The Retirement Plan also contends that that Ms. Cameron's judgment against Ms. Bunton in this case represents an asset of Ms. Cameron's that is traceable to the overpayments. This argument is problematic for two reasons: first, those funds are not yet within Ms. Cameron's possession and control; second, the Retirement Plan has not established an absence of disputed facts as to the contents of the judgment against Ms. Bunton. Without a showing that some specific portion of that judgment is traceable to the overpayments and that the specific portion is within Ms. Cameron's possession or control, the Retirement Plan cannot show that it is entitled to equitable relief as a matter of law.
C. Remaining Issues
The facts relevant to the Retirement Plan's Motion for Summary Judgment are not in dispute; the issue in this Motion is the purely legal question of whether, on those facts, the Retirement Plan is entitled to judgment. For all of the reasons above, the Retirement Plan has not shown that it is entitled to judgment as a matter of law. As a result, though they have not yet moved for summary judgment, it seems that judgment on these counterclaims would be appropriate in favor of Mohave and Ms. Cameron. The Court may, after giving notice and a reasonable time to respond, grant summary judgment for a nonmovant. Fed.R.Civ.P. 56(f)(1). As a result, the Retirement Plan will be ordered to show cause why summary judgment should not be granted in favor Mohave and Ms. Cameron.

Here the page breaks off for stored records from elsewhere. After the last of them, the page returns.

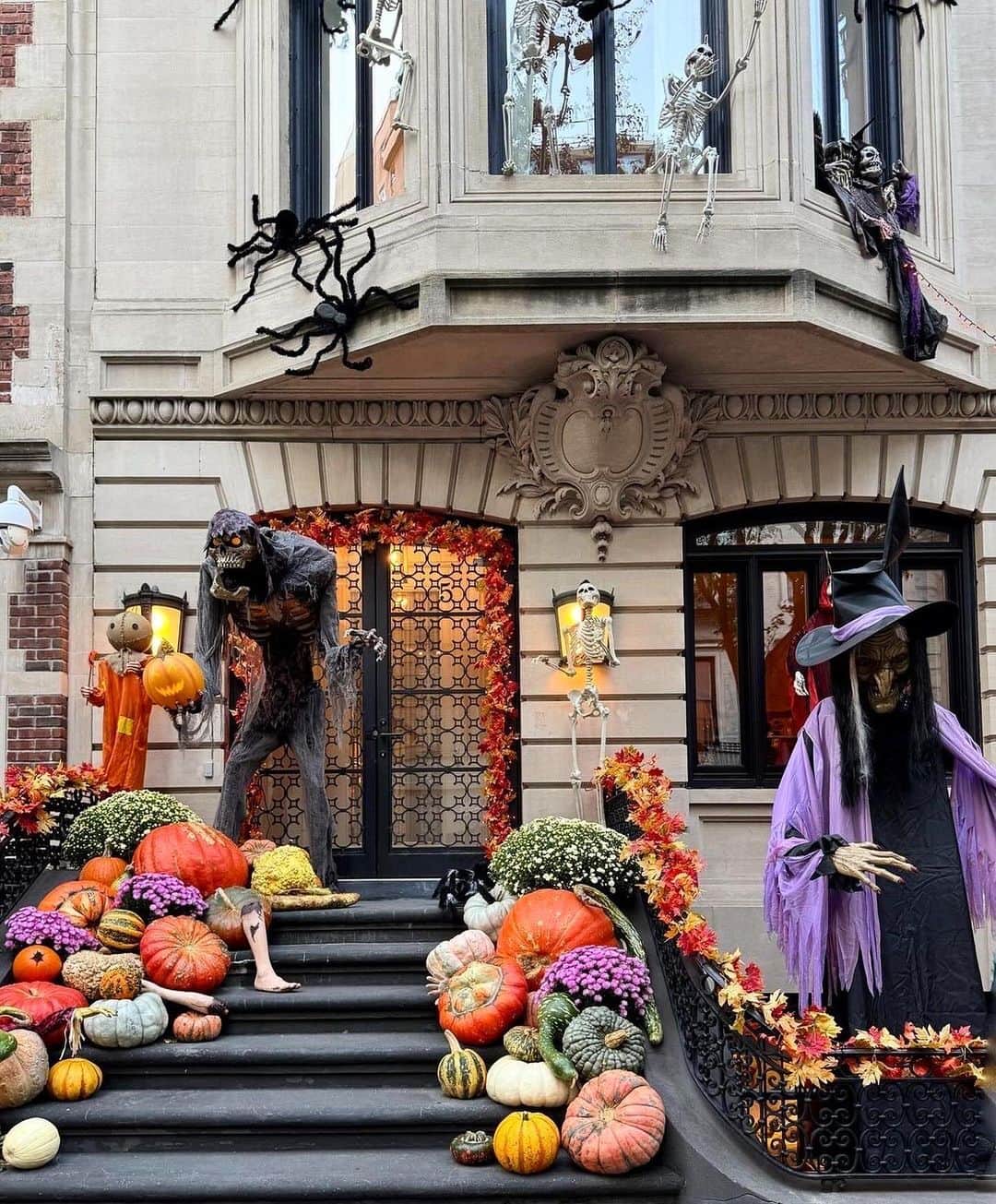 PicLab™ Sayingsのインスタグラム：「@hernewyorkedit definitely knows where to find the spookiest homes in the city. We’re obsessed with the effort put into these holiday decorations in New York City. If you’re in the area, be sure you don’t miss your chance to admire them. Happy Halloween! 🎃 👻 🕷️」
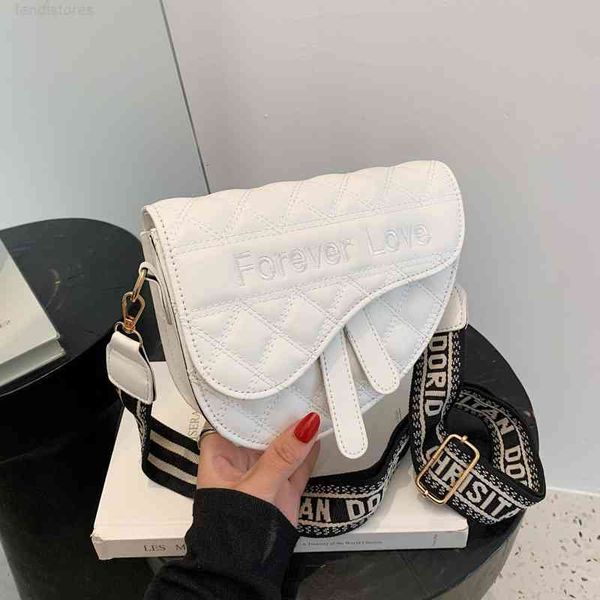 wallet bag women's 2021 net red fashion lingge chain messenger korean one shoulder saddle, Red;black
wallet bag women's 2021 net red fashion lingge chain messenger korean one shoulder saddle, Red;black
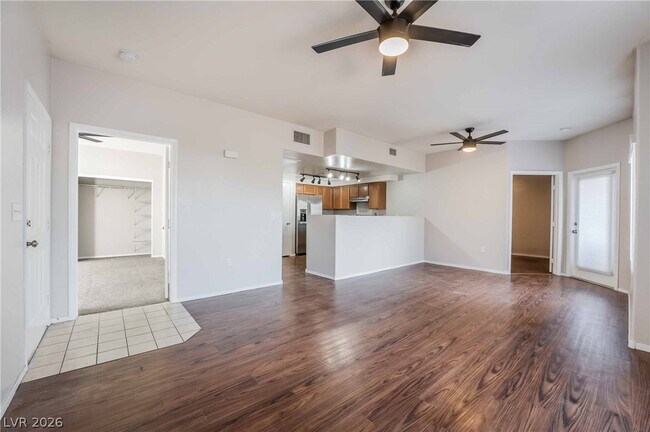 Foto del edificio - 9303 Gilcrease Ave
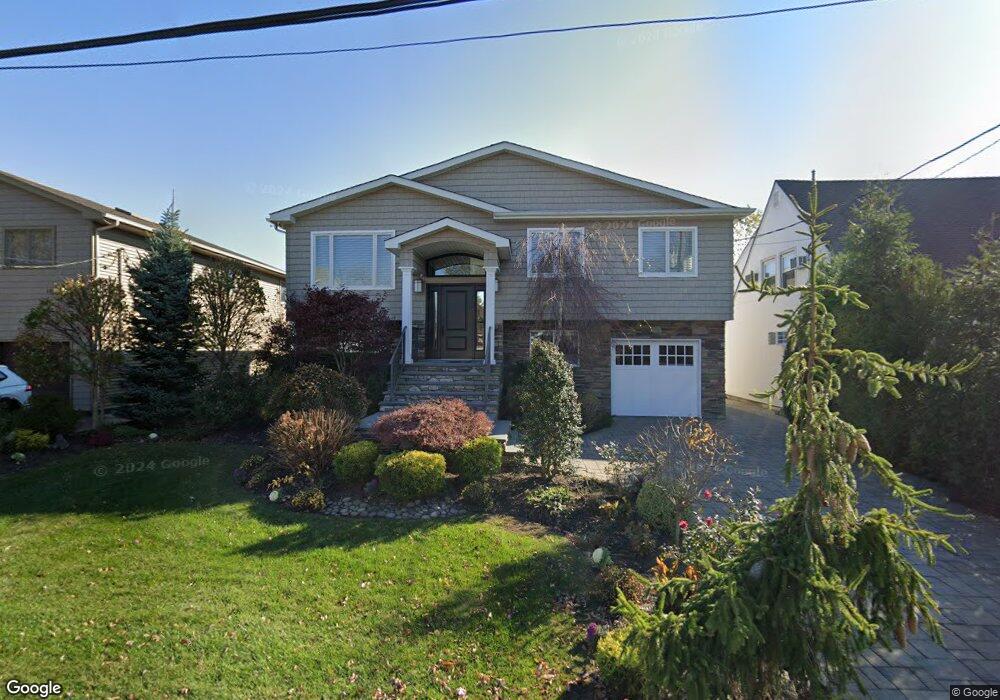 4055 Connecticut Ave, Island Park, NY 11558 - photo 1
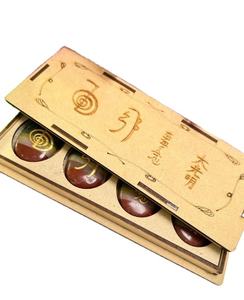 Juego de 4 símbolos de Reiki grabados, conjunto de 4 piezas con caja de madera, con siete chakras, forma ovalada - Product Image 1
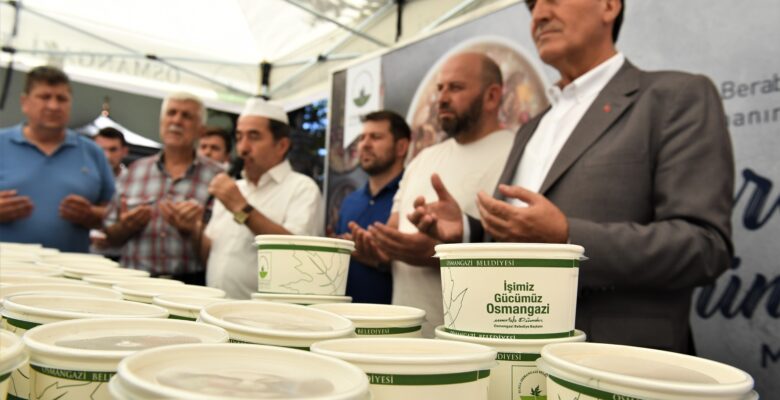 Başkan Dündar, vatandaşlara aşure ikram etti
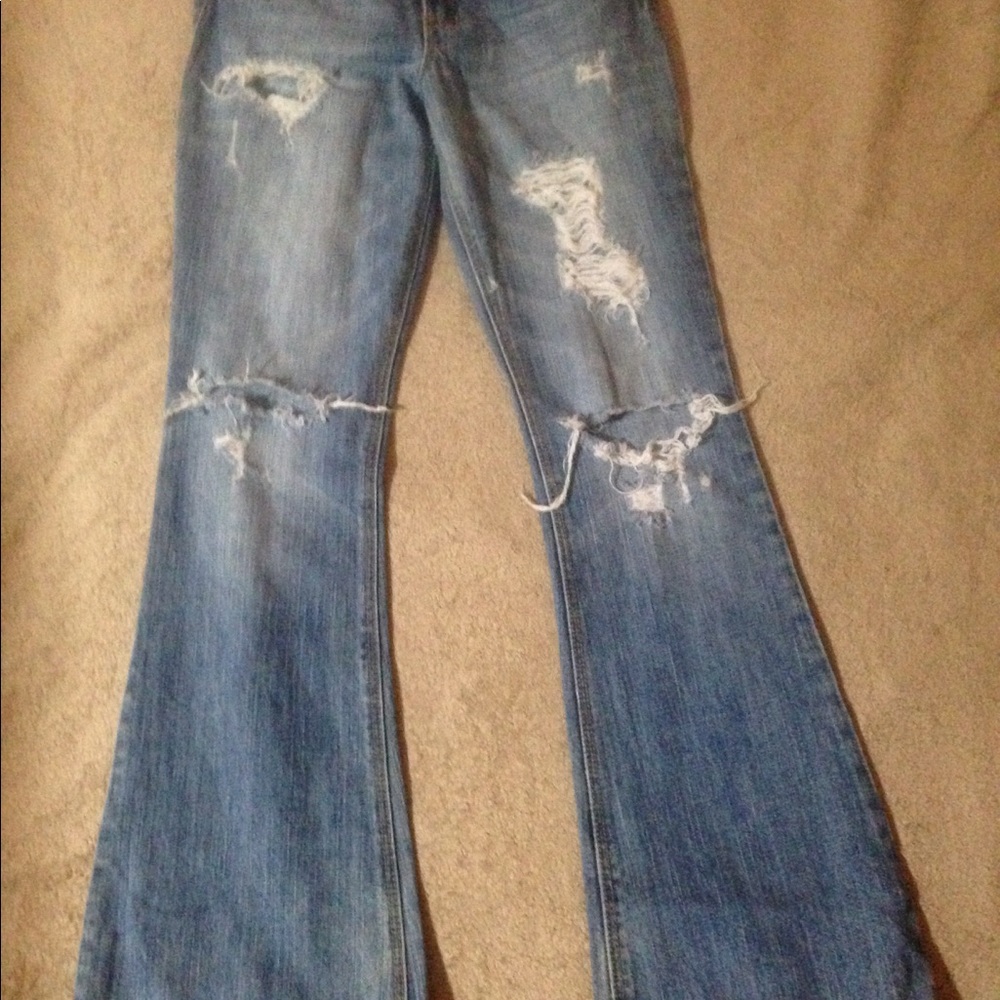 HOLLISTER WOMEN'S DISTRESSED-JEANS.  OS💕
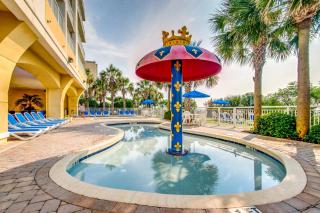 Ocean Breeze by StayMareni - King Suite - Myrtle Beach - 5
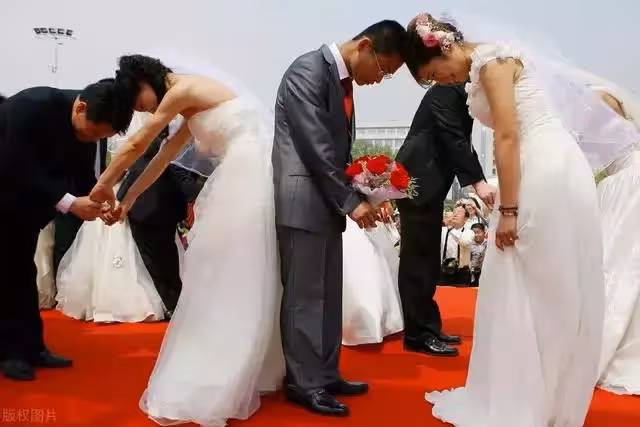 結婚當晚，婆婆定下四大規矩，婆婆：我也是這樣過來的，兒媳：滾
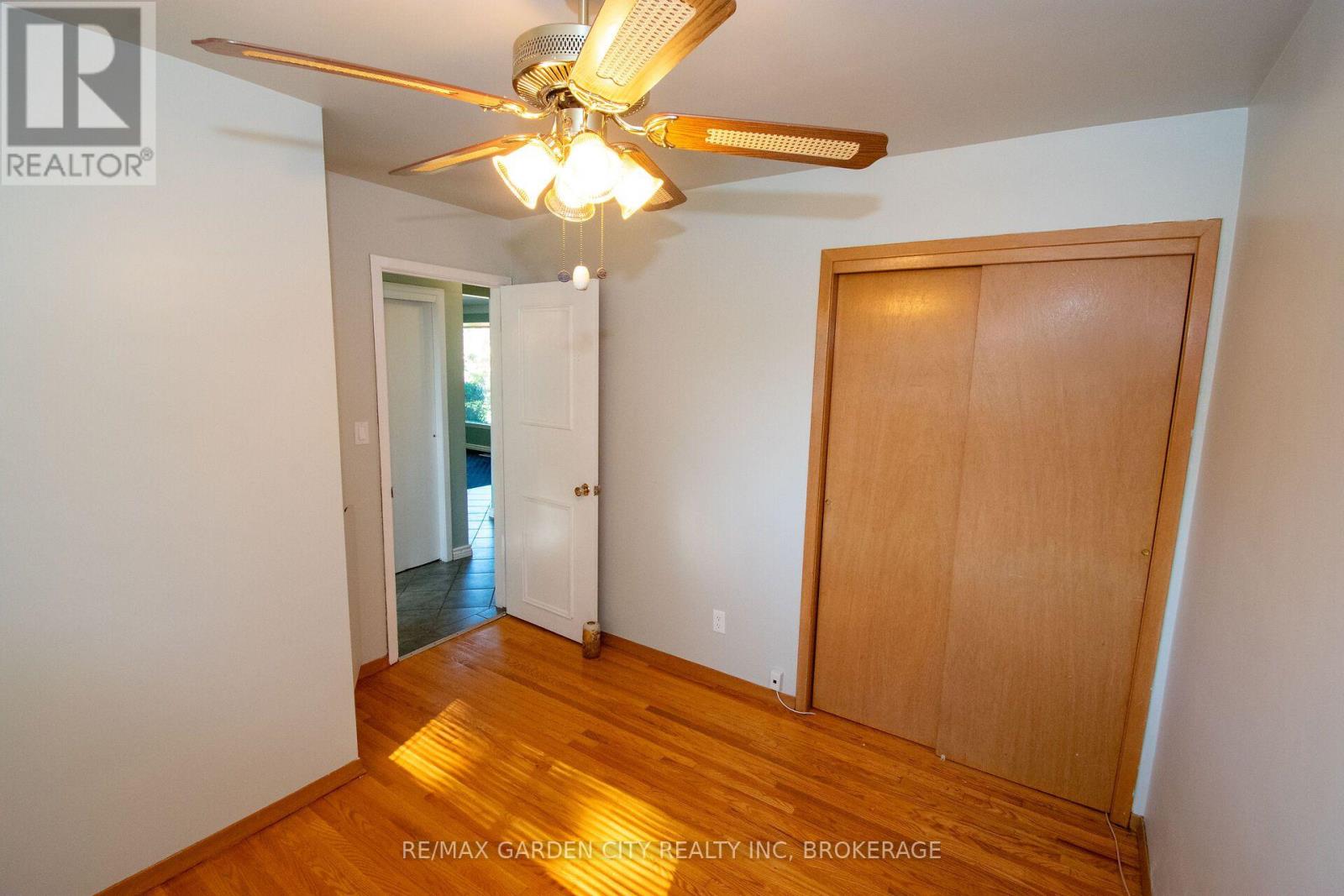 15 Karen Crescent Property Photo 27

As discussed at oral argument on this Motion, apart from obtaining a default judgment against Cross Defendant Cheryl Bunton, it also appears that the Retirement Plan's remaining counterclaims are resolved by this order. Any rights that the Retirement Plan may have to Ms. Cameron's hypothetical recovery of all of her default judgment against Ms. Bunton are premature for adjudication. If future events come to pass that make such adjudication necessary, the Retirement Plan can pursue it at that time. As a result, the Retirement Plan will also be ordered to show cause why its remaining counterclaims should not be dismissed as premature and why this action should not be terminated.
IT IS THEREFORE ORDERED that Southern California Edison Company Retirement Plan's Motion for Summary Judgment on Its Counterclaims (Doc. 62) is denied.
IT IS FURTHER ORDERED that Southern California Edison Company Retirement Plan show cause why summary judgment should not be granted in favor of Mohave and Ms. Cameron on its counterclaims under Rule 56(f)(1) by August 9, 2013.
IT IS FURTHER ORDERED that Southern California Edison Company Retirement Plan show cause why the remainder of its counterclaims should not be dismissed and why this action should not be terminated by August 9, 2013.